Initial 3DMark Notebook Results

While we don’t normally run 3DMark for our CPU and GPU reviews, we do like to run the tests for our system and notebook reviews. The reason is simple: we don’t usually have long-term access to these systems, so in six months or a year when we update benchmarks we don’t have the option to go back and retest a bunch of hardware to provide current results. That’s not the case on desktop CPUs and GPUs, which explains the seeming discrepancy. 3DMark has been and will always be a synthetic graphics benchmark, which means the results are not representative of true gaming performance; instead, the results are a ballpark estimate of gaming potential, and as such they will correlate well with some titles and not so well with others. This is the reason we benchmark multiple games—not to mention mixing up our gaming suite means that driver teams have to do work for the games people actually play and not just the benchmarks.
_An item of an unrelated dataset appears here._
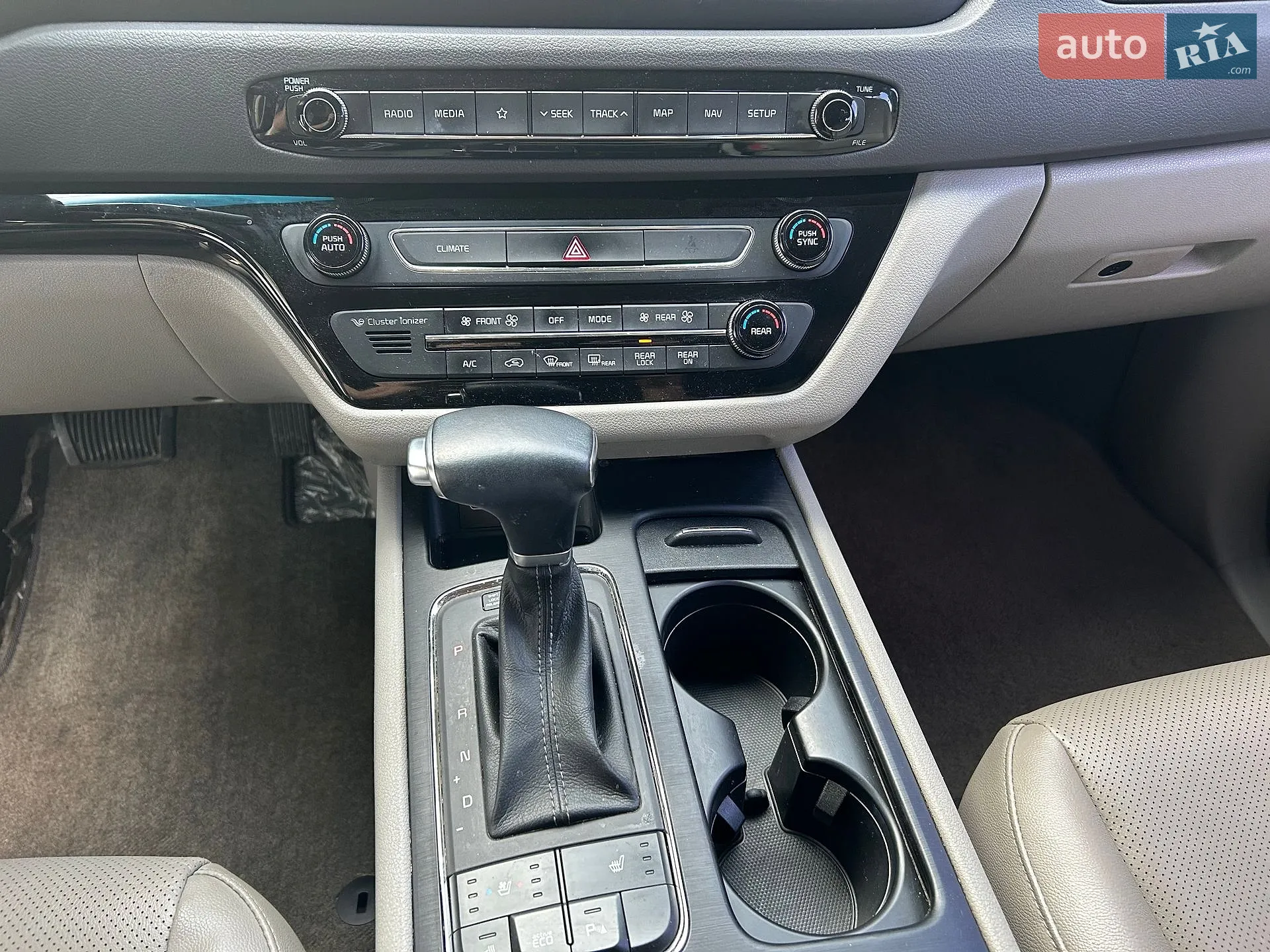 2017 Kia Carnival - мініатюра 12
The short story here (TL;DR) is that just as Batman: Arkham City, Elder Scrolls: Skyrim, and Far Cry 3 have differing requirements and performance characteristics, 3DMark results can’t tell you exactly how every game will run—the only thing that will tell you how game X truly scales across various platforms is of course to specifically benchmark game X. I’m also more than a little curious to see how performance will change over the coming months as 3DMark and the various GPU drivers are updated, so with version 1.00 and current drivers in hand I ran the benchmarks on a selection of laptops along with my own gaming desktop.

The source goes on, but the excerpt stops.